There is something in us that seeks out and responds to the extremes of conflict. We appreciate and reward those who push themselves farther than can be believed – who hone themselves into objects of power. They first fight against their own perceived limits, and then set themselves to conquer the limits the world sets before them. Those that succeed become lords of men, hallowed, revered, adulated.
This, I think, is the spirit of the warrior – the one who comes again and again to the wall of failure and does not surrender to it. This is the spirit of battle that I think all humans should experience if they truly wish to understand themselves.

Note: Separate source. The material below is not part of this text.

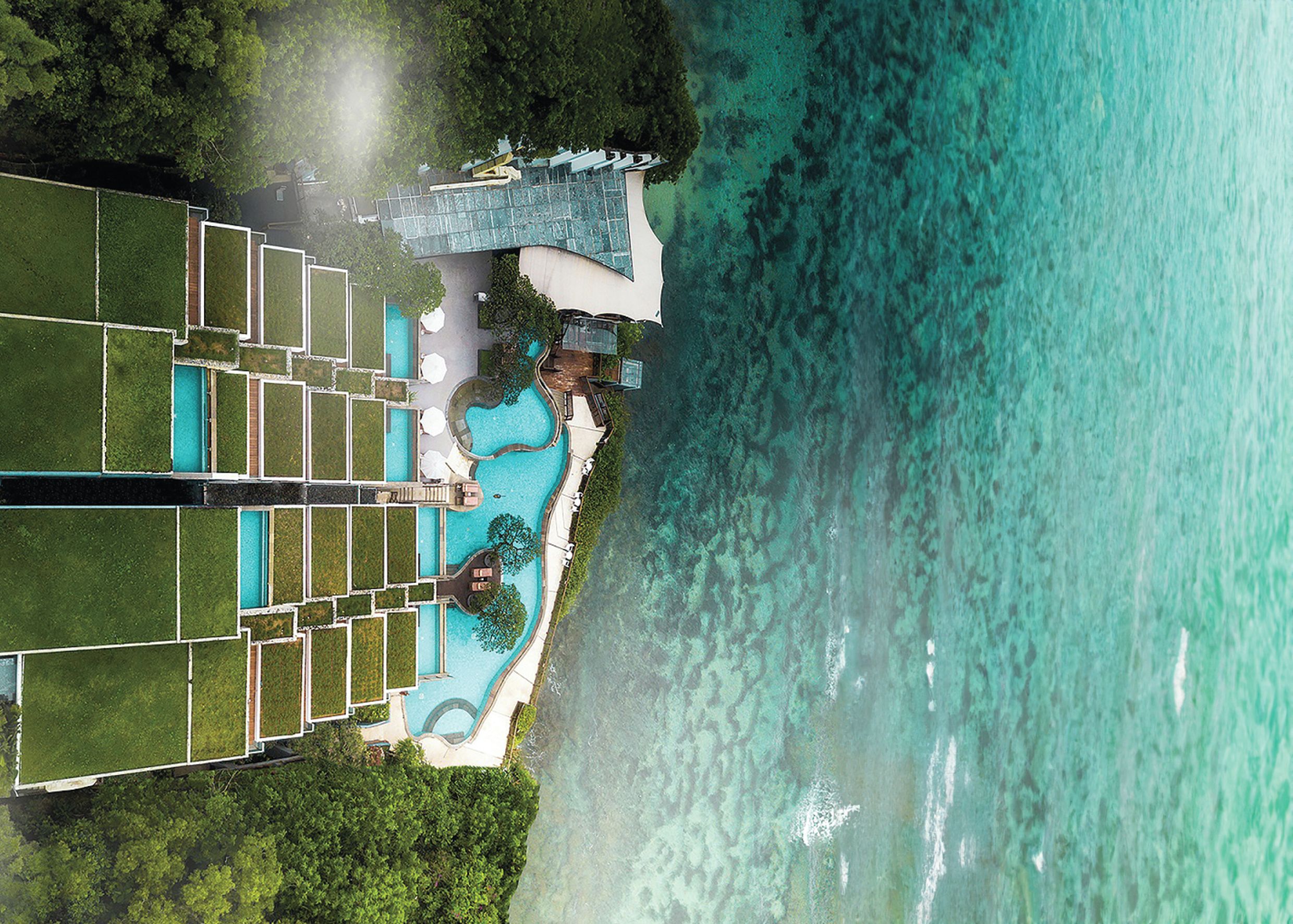 Vista aérea de um resort com piscina, áreas de descanso e uma grande extensão de água.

We can never know who we are until we surpass it, look back and *see* what we were, measure how far we’ve come, wonder at how much farther we have to go. It *is* a struggle – hard, exhausting, painful. To fight against who we are, to take the next step towards who we may become, to weep with the impossibility of it, again and again. And yet to keep going despite it all.
That is the way of the warrior. That much of it I believe I understand.
But there is something missing. All that beautiful treasure and the skill, power, and prowess it represented, had been carelessly stripped off those weapons of war, stuffed in a hole in the ground, and forgotten for 1,300 years. The incredible craftsmen who made it, and those mighty warriors who earned the right to carry it – completely unknown and utterly forgotten. Perhaps that is simply the way of time – to roll like a wheel over the world, obliterating what was to make room for what will be. But how are we to know ourselves in the wake of such destruction? Must we endure the repetition of slash-and-burn tactics, that leaves a vast mess and shattered lives to clean up before any sort of painstaking progress can be begun again? Before artists and craftsmen have the peace and luxury to create their masterpieces that may once again be carried into a war that can only have one ending? Is that the only wheel we will ever know?
I believe in the need to battle against our own limits, to fight against the pull of inertia and despair. But I suspect there is more we need to know than that. Along with the art of war, we need to understand the art of surrender. Not of giving up out of frustration, or giving in to weakness and self-pity, but surrendering to that which we cannot control. Accepting that we are not all-powerful and all-knowing. Relinquishing our deeply cherished hope that we are *enough*.
We are not enough, and all the fighting in the world will never make us so. Only by giving up who we are and what we think we want, will we open ourselves to everything else that is possible. *We* are not enough, but the universe is. Once we surrender to that, all the battling will seem as nothing.
War is too costly to glorify. Honor and courage are too valuable to waste on a battlefield steeped in blood and hatred. There are better ways to wage war, and more important things to fight for.